Fr Matthew Reese

“But of that day or that hour no one knows, not even the angels in heaven, nor the Son, but only the Father. Take heed, watch; for you do not know when the time will come. It is like a man going on a journey, when he leaves home and puts his servants in charge, each with his work, and commands the doorkeeper to be on the watch. Watch therefore—for you do not know when the master of the house will come, in the evening, or at midnight, or at cockcrow, or in the morning—lest he come suddenly and find you asleep. And what I say to you I say to all: Watch.”
—Mark 13:32-37

Dear Friends in Christ,

Jesus’ exhortation to watchfulness is a knowing one… In just a few verses (Mark 14:32-42), Jesus will find that even his dearest disciples are incapable of keeping the watch. When he finishes praying in the Garden of Gethsemane, Jesus will turn to Simon Peter and ask,

“Simon, are you asleep? Could you not watch one hour? Watch and pray that you may not enter into temptation; the spirit indeed is willing, but the flesh is weak…”

This scene, and Jesus’ parable that precedes it, have exerted great power over Christians across the centuries. In Saint Paul’s time, the bodily return of Christ was expected imminently. And since then, there have been spikes of millenarian fervor—around AD 500, and again 1000, and again in the early 1200s (predicted by Joachim of Fiore—a principal inspiration for Dante’s Divine Comedy)…

No to mention 1492, 1525, 1757, 1844 (“The Great Disappointment”), 1874 (the Jehovah’s Witnesses), 1891 (some Mormons), 1914 (the Jehovah’s Witnesses, again, for good measure), and by at least one group or another, seemingly every three to five years since 1975!

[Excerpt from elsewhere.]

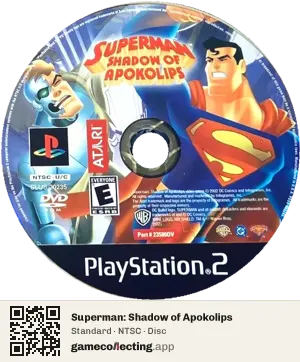 Superman: Shadow of Apokolips PlayStation 2, NTSC disc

But these disappointed prophecies, visions, and numerological “calculations,” in my view, entirely miss the point.

After all, Jesus says quite clearly, “But of that day or that hour no one knows, not even the angels in heaven, nor the Son, but only the Father.”

Why waste our time with calculations?

Jesus is telling us that the moment for discipleship is now. The moment for forgiveness and reconciliation is now. The moment for prayerful expectation of the Risen Lord is now.

We are to live, and to love, and to serve, as if our Lord might appear at any moment. That is the fervor, the immediacy of faith to which we are called.